Memoria de la nieve

Desde Ibiza, Antonio Colinas lo escribía recientemente: «En el principio, fue la nieve. Si yo ahora cerrara mis ojos y, al cerrarlos, pretendiera hacer una recapitulación de palabras, sueños y vivencias, surgiría un solo símbolo; un solo recuerdo, el de la nieve. La nieve de uno de aquellos inviernos leoneses que no se ha vuelto a repetir». Hace algún tiempo, yo había escrito un libro entero para decir lo mismo («La nieve está en mi corazón como el silencio en las habitaciones de los balnearios: densa y profunda, indestructible. / La nieve está en mi corazón como la hiedra en las habitaciones donde nacimos»). No sé si, entre los dos, lo habremos conseguido.

Siempre, por estas fechas, los caminos españoles se borran con la nieve (ahora mismo en Madrid, mientras escribo). Accidentes, aludes, avalanchas, pueblos incomunicados, carreteras cerradas o sólo practicables con cadenas comparten estos días las noticias con las imágenes del esquí y las fotografías falsamente navideñas. Es la cara y la cruz, el envés y el revés de un símbolo polisémico, de un fruto inseparable del invierno, deseado y temido al mismo tiempo. Nada de esto significa, sin embargo, la nieve para mí.

Para mí y para quienes, como yo, convivieron con ella en la niñez, la nieve es nuestra memoria y, también, seguramente, forma parte de nuestra identidad. Decía Alberti una vez que él no recordaba el mar, sino que el mar formaba parte de él. Lo mismo podría decir yo respecto de la nieve.

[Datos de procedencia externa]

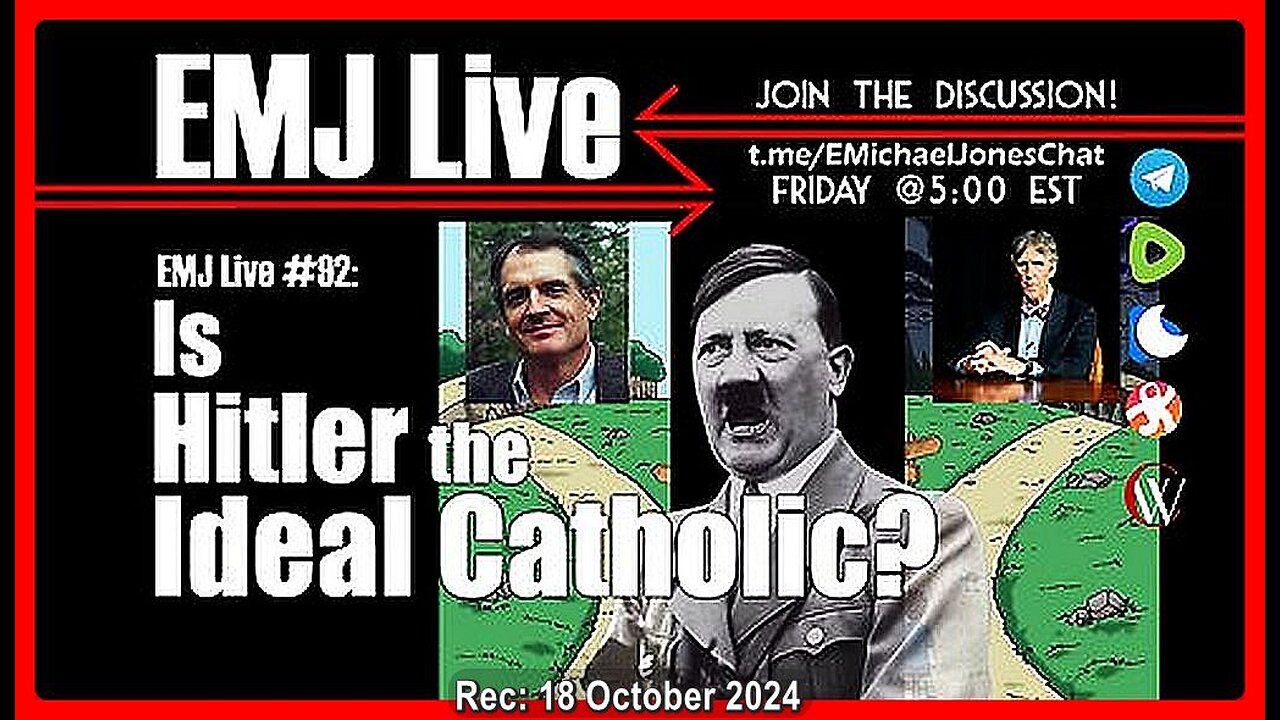 EMJ Live #92: Is Hitler the Ideal Catholic❓ • Dr. E. Michael Jones • Aired:18 October 2024 •🕞1h 8m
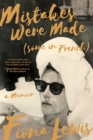 Mistakes Were Made (Some in French) : A Memoir - eBook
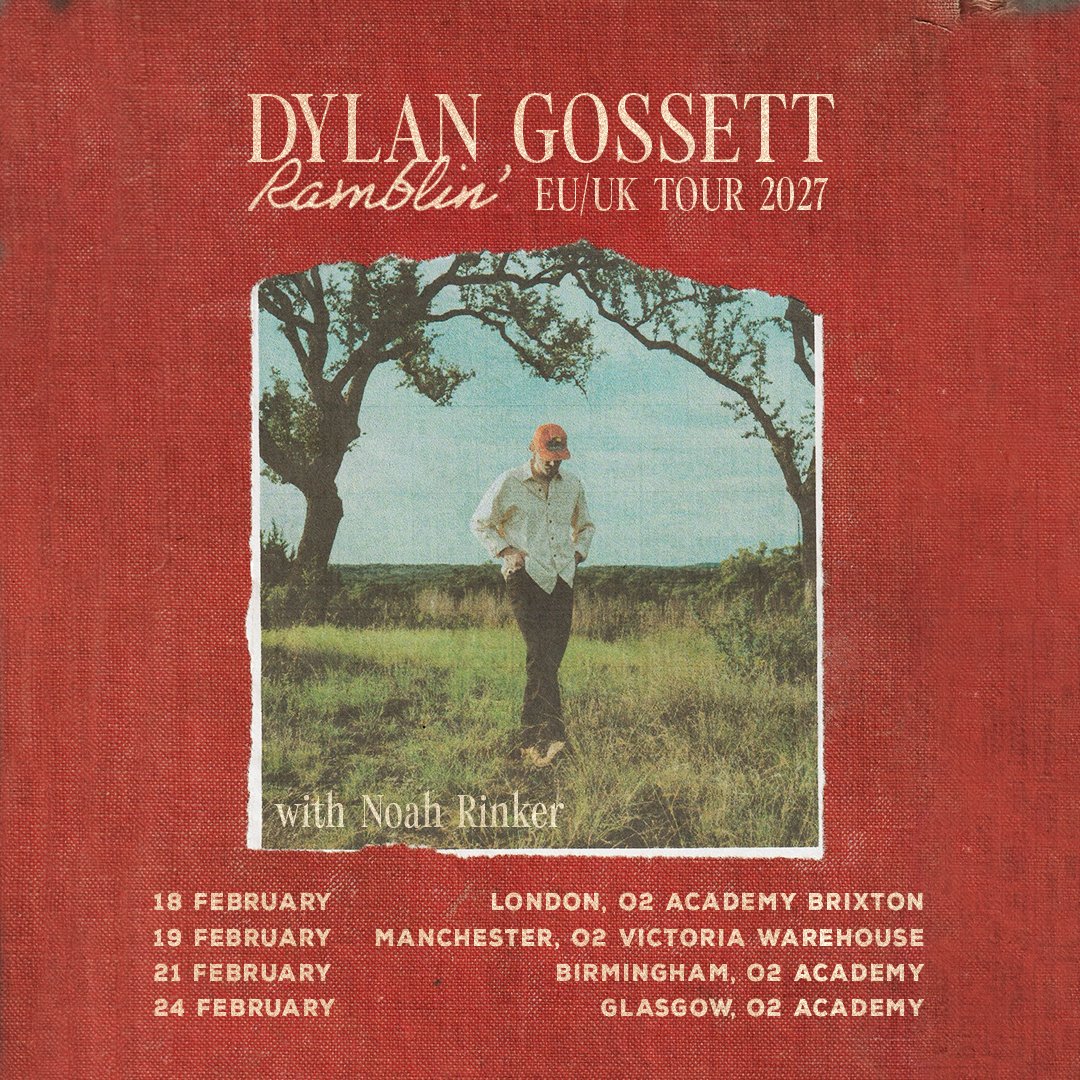 C2Cfestival's tweet photo. We're so excited for this! @dylangossett is bringing the Ramblin’ Tour to the UK in Feb 2027 with special guest Noah Rinker! Tickets go on sale 10am this Friday via https://t.co/RQHEjWDHt3 🙌 https://t.co/0CyEHFnKoR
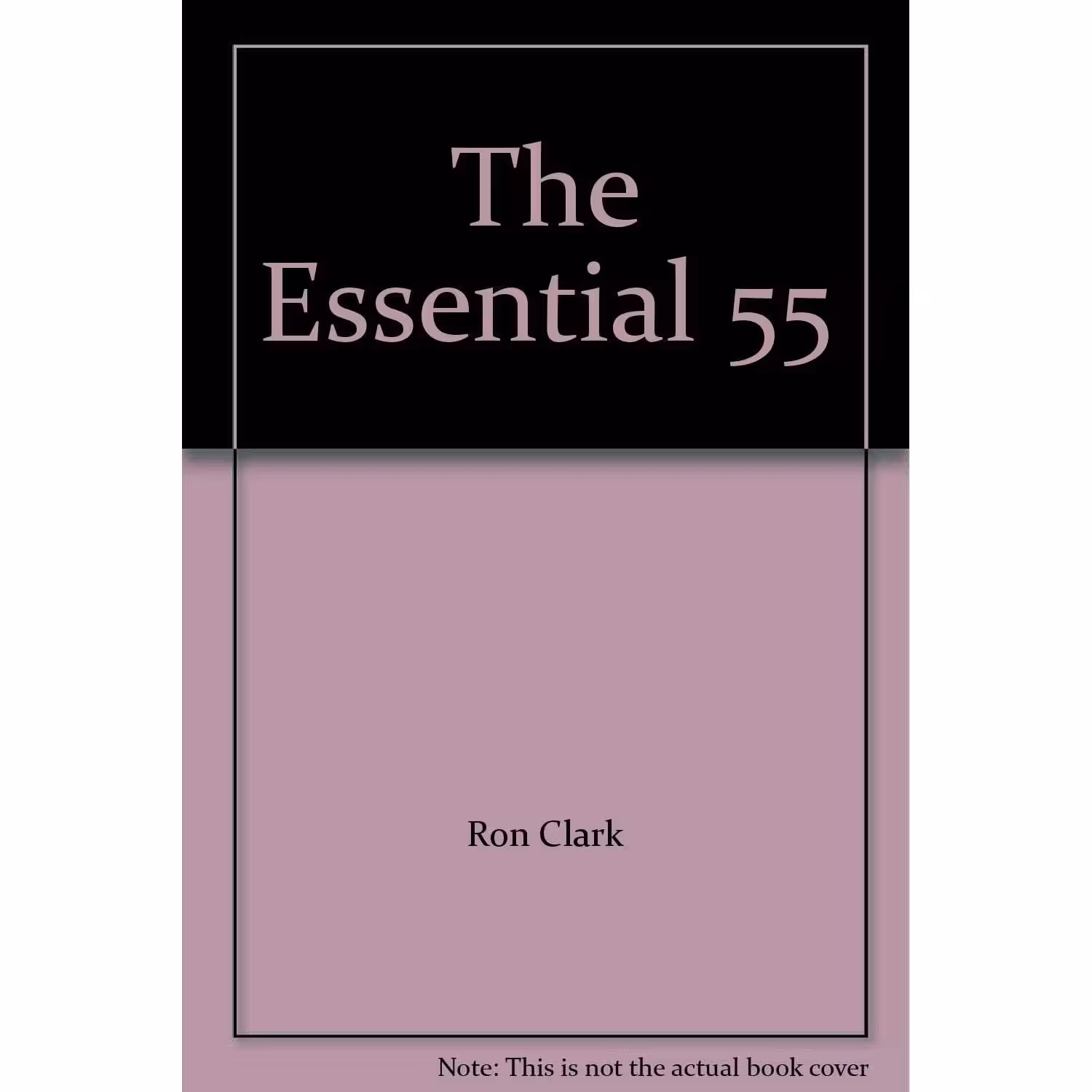 کتاب زبان اصلی The Essential  اثر Ron Clark انتشارات Books on Tape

Mis primeros recuerdos están todos impresos en la nieve. Nieve de Vegamián, alta nieve imposible que el hombre y el progreso convirtieron en locura. Nieve de La Matica, campesina y humilde, como sus gentes. Nieve de la ribera cuando, en Vegas, el fuego ahuyentaba los miedos en la noche. Hay una nieve, sin embargo, que perdura en mi memoria con más fuerza que las demás. La nieve de aquel valle de carbón donde quedaron enterrados para siempre los primeros inviernos de mi existencia. Yo tenía pocos años y, en Olleros, el invierno se prolongaba durante varios meses. Muy temprano, con el sueño colgando todavía de mis ojos, mi madre me llamaba y, tras desayunar, encogido bajo el abrigo, bajaba hasta Sabero hundiéndome en la nieve hasta perder completamente la sensación de frío. Después, a la caída de la tarde, desandaba el camino. Lo recuerdo como si fuera hoy. La luz de la cocina. El vapor de la leche. Los cristales helados por el amanecer. Recuerdo aquel abrigo y el dolor de las uñas amoratadas y de las orejas llenas de sabañones. Pero, sobre todas las cosas, sobre el vapor de la leche y de la cocina, sobre el olor de la estufa de leña, sobre la imagen del castillete que despertaba entre las montañas al mismo tiempo que yo, recuerdo a aquellos hombres que, a la ida y a la vuelta, se cruzaban conmigo camino de la mina. Ha pasado mucho tiempo desde entonces. Mucho más del que la memoria podría por sí sola iluminar. Pero hay recuerdos que permanecen adheridos a los ojos y que rescatan la sensación primera proyectando sobre el paisaje el reflejo de otra luz, arrancándole al tiempo imágenes perdidas, convirtiendo en memoria la mirada y el alma. Quizá porque la nieve sólo es espejo de un tiempo en el que la vida no tenía otros colores que el suyo.